THP-1 cells were seeded at a density of 4 × 106 in 100 mm dishes. After 24 h, cell attachment was induced by treatment with 100 ng/ml of phorbol 12-myristate 13-acetate (PMA). Subsequently, the cells were preincubated with either dimethyl sulfoxide (DMSO) or vitexin at a concentration of 20 µM for an additional 24 h. Chromatin immunoprecipitation (ChIP) was performed in accordance with the protocol outlined in the Thermo Fisher manual (Catalog No. 26157). Following treatment, THP-1 cells were harvested and crosslinked using 1% paraformaldehyde for 15 min, after which 125 mM glycine was added to quench the crosslinking reaction. Chromatin was sheared into 200–500 bp DNA by sonication using a Biorupter (Diagenode, UCD-200). After reserving 5.0 µl of the sheared chromatin for input to the control samples, the rest of the sheared chromatin was rotationally incubated with 5 µg of VDR (CST, USA, Cat#12550, 1:50) or IgG at 4 °C overnight. The next day, samples were added to protein A/G dynamic beads and incubated at 4 °C for 2 h. The DNA-protein complexes were washed twice with dilution buffer and then eluted from the dynamic beads with SDS buffer. Purified ChIP DNA was obtained after reverse cross-linking, proteinase K digestion, phenol/chloroform extraction, and ethanol precipitation. For ChIP-sequencing, input DNA and ChIP DNA were used to generate sequencing libraries using the Illumina DNA Sample Preparation Kit according to the manufacturer’s protocol. Briefly, the DNA samples were end-repaired, then ligated with barcode adapters, and finally amplified and purified. These DNA libraries were sequenced in an Illumina. nextSeq500 sequencer, based on the 35nt pair-end sequencing protocol. Chromatin immunoprecipitation analyses and RNA sequencing were performed with the help of Wuhan GeneBen Biotechnology Co Ltd (Wuhan, China). The promoter primers Cyp24a1 and PBLD were subsequently constructed and detected by RT-PCR.

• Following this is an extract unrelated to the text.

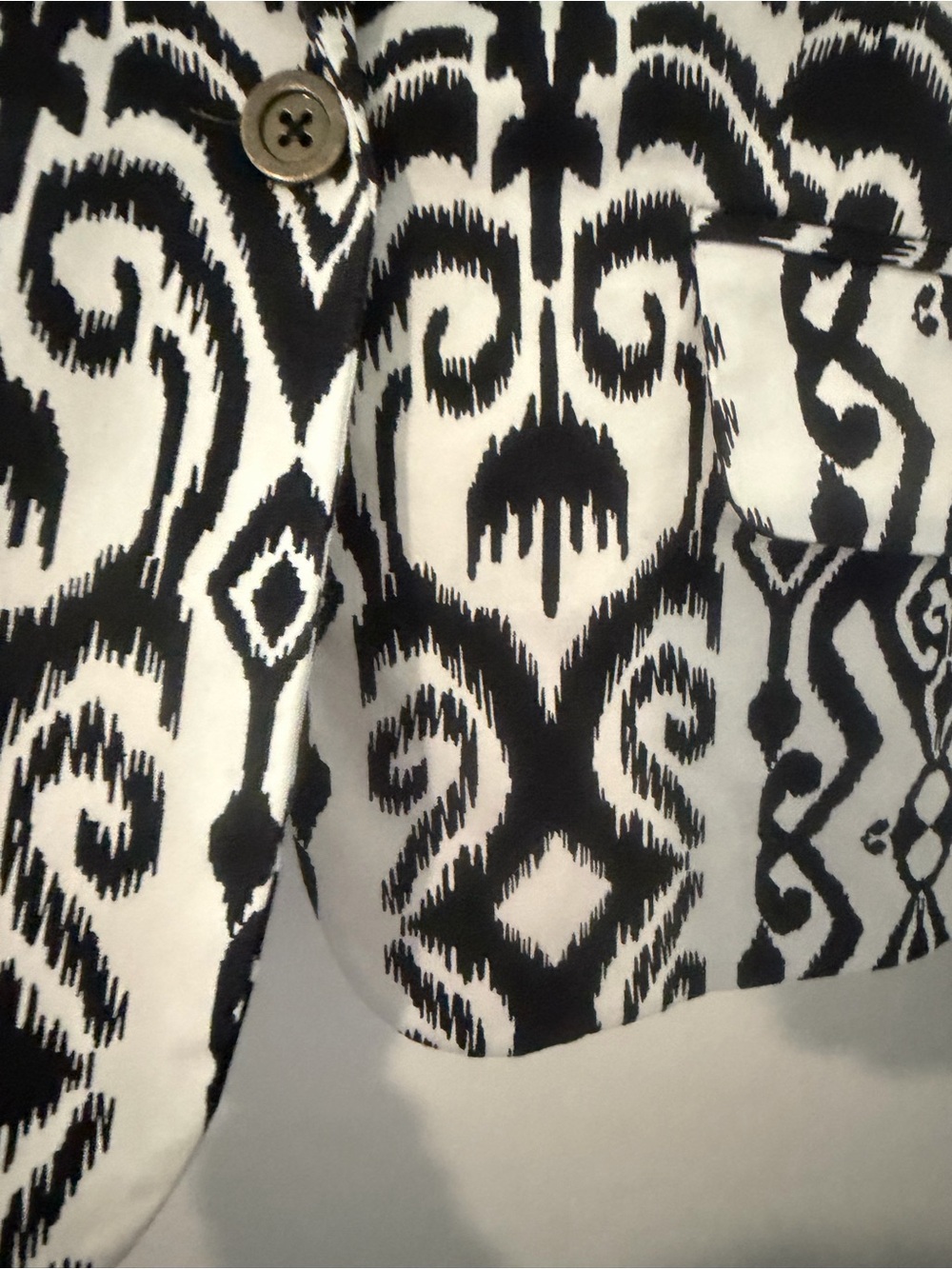Jones New York Stretch Black and White Ikat-Style Abstract Blazer size 6 - Picture 10 of 16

Luciferase reporter gene assay

HEK293T cells were seeded in 6-well plates at 1 × 105 cells/well, wall-adhered, and transiently transfected with pGL4.10, PGL4.10-CYP24A1, pcDNA3.1-VDR-3×FLAG, and TK-luc using the Lipofectamine 3000 reagent for 6 h. The transfection solution was discarded and added to the high and medium in turn, low concentrations of vitexin (20, 10, and 5 µM) and Calcitriol (50 nM) after induction for 48 h. The transfection solution was washed twice with PBS, and the dual-luciferase reporter gene assay system was used to measure the dual-luciferase activity and to study the effect of vitexin on the transcriptional activation of the CYP24A1 promoter.

Histological assessment

Colon tissues fixed in 4% paraformaldehyde were paraffin-embedded and sectioned were used for histological analysis. The sections were stained with hematoxylin and eosin (H&E) for routine histological evaluation. For immunohistochemistry, sections were deparaffinized and hydrated. Endogenous peroxidase was blocked with 3% H2O2 for 30 min. Sections were then incubated with primary antibody at a dilution of 1:100 overnight at 4 °C. Secondary antibodies were incubated at 1:200 for 1 h at room temperature and immunoreactivity was detected by diaminobenzidine (DAB). All sections were counterstained with hematoxylin.

Statistical analysis

All in vitro data represent at least three independent experiments and in vivo data represent at least six independent experiments. All experimental data are expressed as mean ± SEM (standard error of the mean). Statistical analyses were performed using GraphPad Pro Prism 8.0 (GraphPad, San Diego, CA). One-way analysis of variance (ANOVA) followed by Tukey’s test was used to analyze differences between groups of data. A p value of < 0.05 was considered a significant difference.